During homologous recombination, the intact sister chromatid is used as a template to repair the broken chromatid. This allows for more accurate repair and less loss of DNA.
Key Takeaway:
Homologous recombination uses the sister chromatid of the broken DNA as a template to carry out accurate repair.
Breast and ovarian cancer is most likely to result from which of the following mutations?
BRCA1 mutation
The BRCA1 mutation results in the inability to perform homologous recombination repair. This defect leads to a high risk of developing ovarian and breast cancer.
Which of the following involves a defect in homologous recombination that results in skeletal abnormalities?
Fanconi anemia
Fanconi anemia results from a defect in homologous recombination.
Fanconi anemia has a variety of manifestations, with many involving bone tissue. These manifestations include aplastic anemia, bone marrow failure, skeletal abnormalities, and acute myelogenous leukemia.
Other manifestations of Fanconi anemia include café-au-lait spots, kidney abnormalities, intellectual disability, and hydrocephalus.
Nonhomologous end joining can occur during which of the following phases of the cell cycle?
All phases of the cell cycle
Nonhomologous end joining is a form of double-stranded DNA repair that does not require a sister chromatid template. As it does not require a template, this repair mechanism can occur throughout the entirety of the cell cycle, and it is also more error-prone than homologous recombination.
Which of the following conditions involves defective nonhomologous end joining?
Ataxia-telangiectasia
Ataxia-telangiectasia results from a mutation in the ATM gene, leading to a defect in the nonhomologous end joining repair pathway.

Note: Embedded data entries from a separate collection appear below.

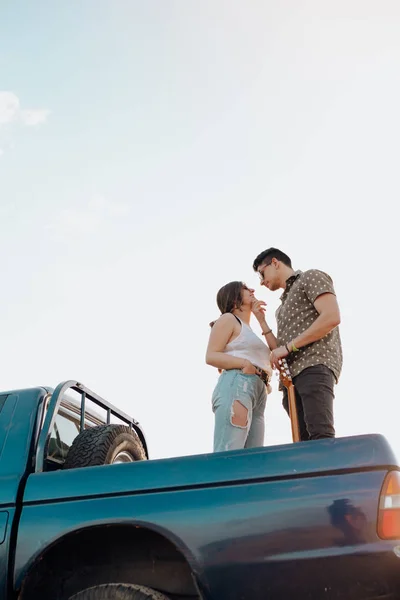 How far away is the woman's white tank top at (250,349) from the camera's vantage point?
3.88 metres

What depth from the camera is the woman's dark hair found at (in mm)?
4184

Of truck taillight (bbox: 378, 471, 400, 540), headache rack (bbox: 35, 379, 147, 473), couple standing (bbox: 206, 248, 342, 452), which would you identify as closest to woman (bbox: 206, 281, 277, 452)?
couple standing (bbox: 206, 248, 342, 452)

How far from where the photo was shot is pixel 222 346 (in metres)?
3.91

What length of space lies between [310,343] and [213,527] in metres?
1.64

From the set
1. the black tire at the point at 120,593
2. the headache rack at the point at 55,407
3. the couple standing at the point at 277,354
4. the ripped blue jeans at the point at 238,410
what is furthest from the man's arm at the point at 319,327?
the black tire at the point at 120,593

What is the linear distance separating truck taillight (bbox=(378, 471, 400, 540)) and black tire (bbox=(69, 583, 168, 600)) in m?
0.95

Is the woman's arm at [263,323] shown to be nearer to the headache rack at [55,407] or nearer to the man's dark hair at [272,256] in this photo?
the man's dark hair at [272,256]

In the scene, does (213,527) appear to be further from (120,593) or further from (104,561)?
(104,561)

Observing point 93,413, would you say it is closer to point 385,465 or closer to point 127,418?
point 127,418

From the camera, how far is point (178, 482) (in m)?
2.50

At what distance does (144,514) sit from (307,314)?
191 cm

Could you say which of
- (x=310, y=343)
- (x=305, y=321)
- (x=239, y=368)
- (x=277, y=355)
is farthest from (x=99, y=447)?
(x=305, y=321)

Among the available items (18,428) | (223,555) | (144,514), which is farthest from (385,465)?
(18,428)

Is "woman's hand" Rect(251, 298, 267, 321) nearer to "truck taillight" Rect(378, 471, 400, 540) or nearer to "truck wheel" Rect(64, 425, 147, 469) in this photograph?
"truck wheel" Rect(64, 425, 147, 469) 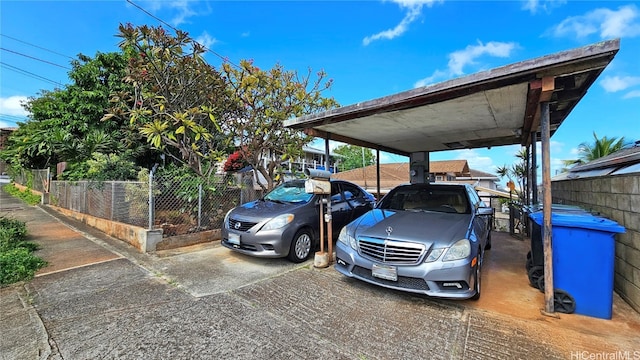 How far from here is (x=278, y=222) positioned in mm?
4582

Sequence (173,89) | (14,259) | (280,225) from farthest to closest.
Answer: (173,89) → (280,225) → (14,259)

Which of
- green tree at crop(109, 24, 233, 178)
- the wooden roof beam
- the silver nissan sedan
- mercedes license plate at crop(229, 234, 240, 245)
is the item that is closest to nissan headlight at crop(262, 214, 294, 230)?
the silver nissan sedan

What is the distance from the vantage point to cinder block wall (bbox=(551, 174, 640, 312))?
298 centimetres

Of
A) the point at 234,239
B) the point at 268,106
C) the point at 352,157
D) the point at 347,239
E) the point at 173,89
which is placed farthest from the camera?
the point at 352,157

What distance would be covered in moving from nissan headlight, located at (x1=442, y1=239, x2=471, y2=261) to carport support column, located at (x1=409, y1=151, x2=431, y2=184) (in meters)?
5.39

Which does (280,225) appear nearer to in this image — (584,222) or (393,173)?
(584,222)

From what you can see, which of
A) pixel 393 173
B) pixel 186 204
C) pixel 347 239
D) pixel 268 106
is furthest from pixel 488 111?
pixel 393 173

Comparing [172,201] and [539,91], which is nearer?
[539,91]

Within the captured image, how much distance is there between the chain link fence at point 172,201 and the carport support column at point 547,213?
6193mm

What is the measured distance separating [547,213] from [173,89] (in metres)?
7.68

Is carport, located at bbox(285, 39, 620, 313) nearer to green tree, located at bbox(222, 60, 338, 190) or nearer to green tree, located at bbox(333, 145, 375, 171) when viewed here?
green tree, located at bbox(222, 60, 338, 190)

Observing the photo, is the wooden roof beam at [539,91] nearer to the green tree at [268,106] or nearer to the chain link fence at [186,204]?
the green tree at [268,106]

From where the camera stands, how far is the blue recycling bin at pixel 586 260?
2799 millimetres

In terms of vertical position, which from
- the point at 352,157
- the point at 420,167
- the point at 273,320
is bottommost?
the point at 273,320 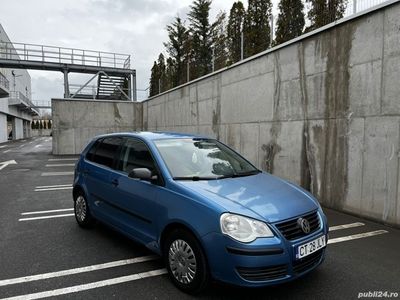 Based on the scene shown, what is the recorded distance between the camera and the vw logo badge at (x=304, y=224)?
9.71ft

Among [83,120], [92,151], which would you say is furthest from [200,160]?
[83,120]

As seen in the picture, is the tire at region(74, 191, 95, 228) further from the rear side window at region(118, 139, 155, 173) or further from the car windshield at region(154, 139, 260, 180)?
the car windshield at region(154, 139, 260, 180)

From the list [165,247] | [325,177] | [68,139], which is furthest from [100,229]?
[68,139]

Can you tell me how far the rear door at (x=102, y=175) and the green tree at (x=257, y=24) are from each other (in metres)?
11.7

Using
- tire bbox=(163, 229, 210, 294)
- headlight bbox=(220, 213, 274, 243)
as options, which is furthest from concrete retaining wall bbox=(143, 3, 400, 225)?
tire bbox=(163, 229, 210, 294)

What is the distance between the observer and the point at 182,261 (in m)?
3.13

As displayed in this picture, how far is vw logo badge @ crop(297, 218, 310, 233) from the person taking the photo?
9.71 feet

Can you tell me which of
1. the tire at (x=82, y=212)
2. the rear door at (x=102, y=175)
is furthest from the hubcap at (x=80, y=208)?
the rear door at (x=102, y=175)

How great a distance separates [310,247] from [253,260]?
63cm

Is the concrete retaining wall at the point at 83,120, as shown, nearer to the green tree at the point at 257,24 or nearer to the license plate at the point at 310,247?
the green tree at the point at 257,24

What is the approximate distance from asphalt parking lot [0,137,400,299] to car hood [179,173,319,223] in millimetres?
797

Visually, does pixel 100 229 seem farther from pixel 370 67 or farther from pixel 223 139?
pixel 223 139

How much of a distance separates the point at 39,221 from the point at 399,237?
576cm

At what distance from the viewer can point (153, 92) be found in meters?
21.8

Mnemonic: Signs/symptoms of ataxia-telangiectasia can be remembered with the 5 A’s:
* Autosomal recessive ATM mutation
* IgA deficiency
* ↑ Alpha-fetoprotein levels (AFP)
* Ataxia
* Angiomas
[Choices A, B, and D]: Fanconi anemia, Bloom syndrome and BRCA1 mutation all involve defects in homologous recombination.
Key Takeaway:
Ataxia-telangiectasia involves a defect in nonhomologous end joining.

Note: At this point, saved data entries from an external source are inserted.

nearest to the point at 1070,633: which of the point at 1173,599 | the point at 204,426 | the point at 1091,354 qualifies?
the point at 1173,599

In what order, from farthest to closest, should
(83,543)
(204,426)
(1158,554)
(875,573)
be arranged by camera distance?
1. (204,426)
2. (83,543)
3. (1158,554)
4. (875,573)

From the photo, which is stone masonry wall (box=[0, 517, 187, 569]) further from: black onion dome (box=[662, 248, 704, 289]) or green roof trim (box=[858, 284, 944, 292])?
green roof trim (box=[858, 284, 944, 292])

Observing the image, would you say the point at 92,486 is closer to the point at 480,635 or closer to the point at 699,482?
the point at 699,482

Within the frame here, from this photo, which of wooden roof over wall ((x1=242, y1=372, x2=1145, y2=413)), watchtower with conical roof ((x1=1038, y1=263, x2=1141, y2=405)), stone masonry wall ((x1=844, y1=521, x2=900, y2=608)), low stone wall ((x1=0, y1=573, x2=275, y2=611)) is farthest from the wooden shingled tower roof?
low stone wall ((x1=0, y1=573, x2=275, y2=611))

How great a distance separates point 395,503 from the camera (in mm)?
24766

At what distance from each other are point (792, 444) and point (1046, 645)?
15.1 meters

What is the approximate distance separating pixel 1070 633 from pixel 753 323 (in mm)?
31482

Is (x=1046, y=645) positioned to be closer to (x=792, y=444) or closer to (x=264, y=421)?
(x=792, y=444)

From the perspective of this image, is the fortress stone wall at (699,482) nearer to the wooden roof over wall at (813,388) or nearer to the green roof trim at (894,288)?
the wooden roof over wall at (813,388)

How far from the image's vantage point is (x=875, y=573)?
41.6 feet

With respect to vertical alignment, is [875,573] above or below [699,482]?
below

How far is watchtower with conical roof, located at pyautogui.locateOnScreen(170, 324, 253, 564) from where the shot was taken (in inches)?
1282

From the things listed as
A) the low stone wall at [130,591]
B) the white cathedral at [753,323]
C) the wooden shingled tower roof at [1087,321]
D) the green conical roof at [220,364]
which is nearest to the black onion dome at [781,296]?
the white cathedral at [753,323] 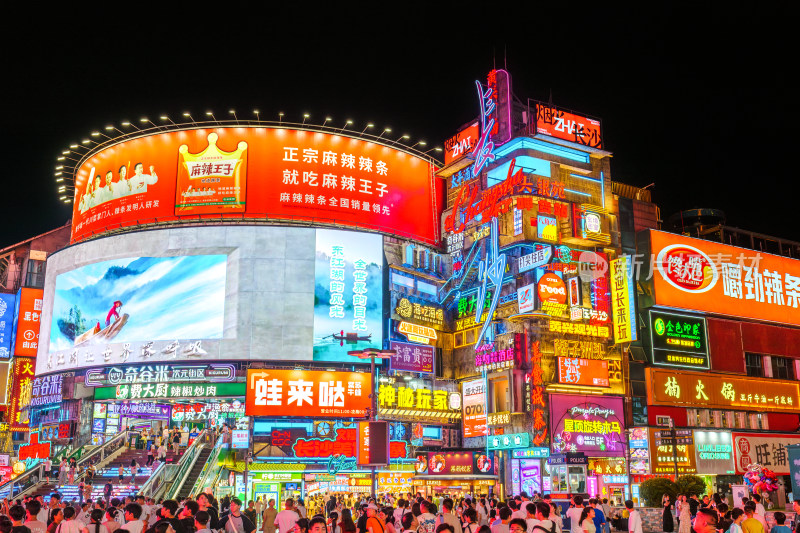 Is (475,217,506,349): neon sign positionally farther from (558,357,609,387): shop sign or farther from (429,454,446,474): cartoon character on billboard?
(429,454,446,474): cartoon character on billboard

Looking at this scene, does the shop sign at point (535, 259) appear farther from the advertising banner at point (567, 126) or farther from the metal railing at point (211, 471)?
the metal railing at point (211, 471)

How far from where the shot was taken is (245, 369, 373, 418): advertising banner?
42969 millimetres

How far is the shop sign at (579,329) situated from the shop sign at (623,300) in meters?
0.86

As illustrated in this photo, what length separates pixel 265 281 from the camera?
1822 inches

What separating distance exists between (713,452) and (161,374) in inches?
1273

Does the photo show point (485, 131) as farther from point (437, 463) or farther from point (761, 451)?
point (761, 451)

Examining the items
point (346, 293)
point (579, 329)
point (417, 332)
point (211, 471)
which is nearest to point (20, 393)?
point (211, 471)

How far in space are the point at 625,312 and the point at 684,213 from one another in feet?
61.2

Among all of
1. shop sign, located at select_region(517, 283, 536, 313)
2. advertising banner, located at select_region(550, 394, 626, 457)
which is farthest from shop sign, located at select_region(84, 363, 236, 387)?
advertising banner, located at select_region(550, 394, 626, 457)

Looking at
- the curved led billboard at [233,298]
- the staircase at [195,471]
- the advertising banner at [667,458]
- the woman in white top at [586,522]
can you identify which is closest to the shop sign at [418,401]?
the curved led billboard at [233,298]

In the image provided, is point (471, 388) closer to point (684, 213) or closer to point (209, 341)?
point (209, 341)

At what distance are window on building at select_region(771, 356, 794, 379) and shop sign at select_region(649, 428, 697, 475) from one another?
40.9 ft

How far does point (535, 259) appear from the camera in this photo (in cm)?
4412

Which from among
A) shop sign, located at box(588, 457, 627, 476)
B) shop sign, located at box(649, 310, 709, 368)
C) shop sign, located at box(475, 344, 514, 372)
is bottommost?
shop sign, located at box(588, 457, 627, 476) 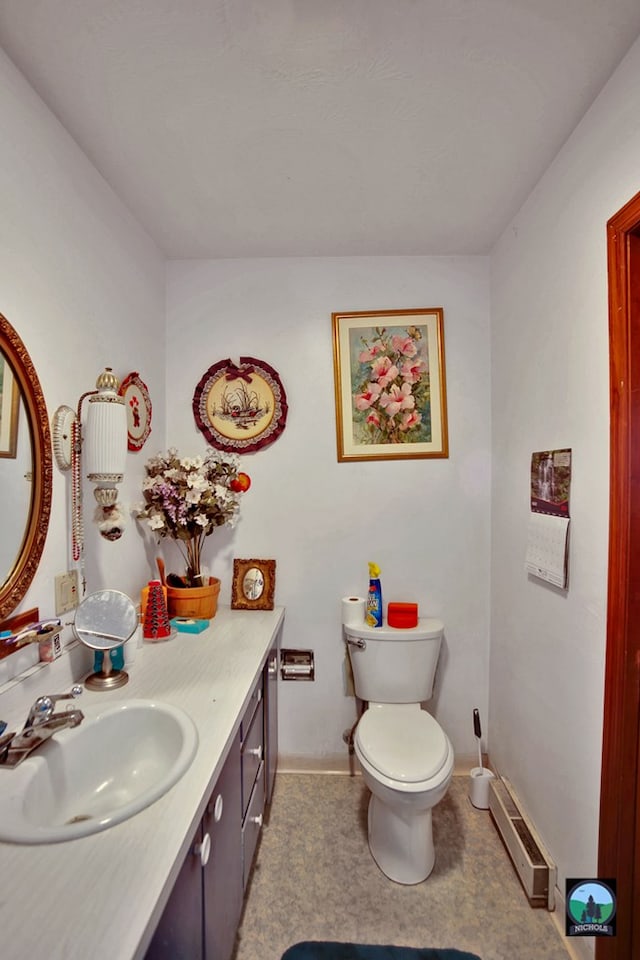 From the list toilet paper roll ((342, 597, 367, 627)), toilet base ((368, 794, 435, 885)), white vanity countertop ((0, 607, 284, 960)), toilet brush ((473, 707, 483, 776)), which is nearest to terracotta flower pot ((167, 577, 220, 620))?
toilet paper roll ((342, 597, 367, 627))

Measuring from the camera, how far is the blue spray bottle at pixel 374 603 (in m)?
1.82

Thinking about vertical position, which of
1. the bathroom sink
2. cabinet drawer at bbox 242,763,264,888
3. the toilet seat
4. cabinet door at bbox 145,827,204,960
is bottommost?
cabinet drawer at bbox 242,763,264,888

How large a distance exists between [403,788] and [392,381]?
1.56 m

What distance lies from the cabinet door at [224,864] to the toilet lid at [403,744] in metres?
0.51

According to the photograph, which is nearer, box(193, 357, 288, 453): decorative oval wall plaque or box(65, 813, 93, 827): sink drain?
box(65, 813, 93, 827): sink drain

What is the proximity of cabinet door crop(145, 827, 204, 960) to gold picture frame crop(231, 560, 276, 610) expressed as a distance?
1064 mm

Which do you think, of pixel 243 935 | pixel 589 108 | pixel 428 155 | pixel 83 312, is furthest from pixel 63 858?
pixel 589 108

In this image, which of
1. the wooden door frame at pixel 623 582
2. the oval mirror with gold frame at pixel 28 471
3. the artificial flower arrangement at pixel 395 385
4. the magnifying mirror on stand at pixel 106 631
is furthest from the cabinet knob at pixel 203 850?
the artificial flower arrangement at pixel 395 385

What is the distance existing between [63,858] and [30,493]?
806 millimetres

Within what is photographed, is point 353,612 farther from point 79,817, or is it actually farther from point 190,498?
point 79,817

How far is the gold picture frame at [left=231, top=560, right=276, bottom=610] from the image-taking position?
1900 millimetres

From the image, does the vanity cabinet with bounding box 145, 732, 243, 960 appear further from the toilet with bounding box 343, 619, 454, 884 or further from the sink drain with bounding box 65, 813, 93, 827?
the toilet with bounding box 343, 619, 454, 884

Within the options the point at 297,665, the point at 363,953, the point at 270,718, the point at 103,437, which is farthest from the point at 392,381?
the point at 363,953

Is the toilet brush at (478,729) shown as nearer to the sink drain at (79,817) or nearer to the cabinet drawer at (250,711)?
the cabinet drawer at (250,711)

Which of the following mutations is most associated with recurrent sinopulmonary infections and spider angiomas?
ATM gene
The ATM mutation results in ataxia-telangiectasia, which includes findings such as ataxia, telangiectasia, spider angiomas, and immunodeficiency.
Immunodeficiency in ataxia-telangiectasia involves decreased B and T cells and deficiencies in IgA, IgE, and IgG. Immunoglobulin deficiencies, specifically IgA, increase susceptibility to recurrent infections of the sinopulmonary systems.
Mnemonic: Signs/symptoms of ataxia-telangiectasia can be remembered with the 5 A’s:
Autosomal recessive ATM mutation
IgA deficiency
↑ Alpha-fetoprotein levels (AFP)
Ataxia
Angiomas
Key Takeaway:
Patients with ataxia-telangiectasia are deficient in IgA and susceptible to recurrent sinopulmonary infections.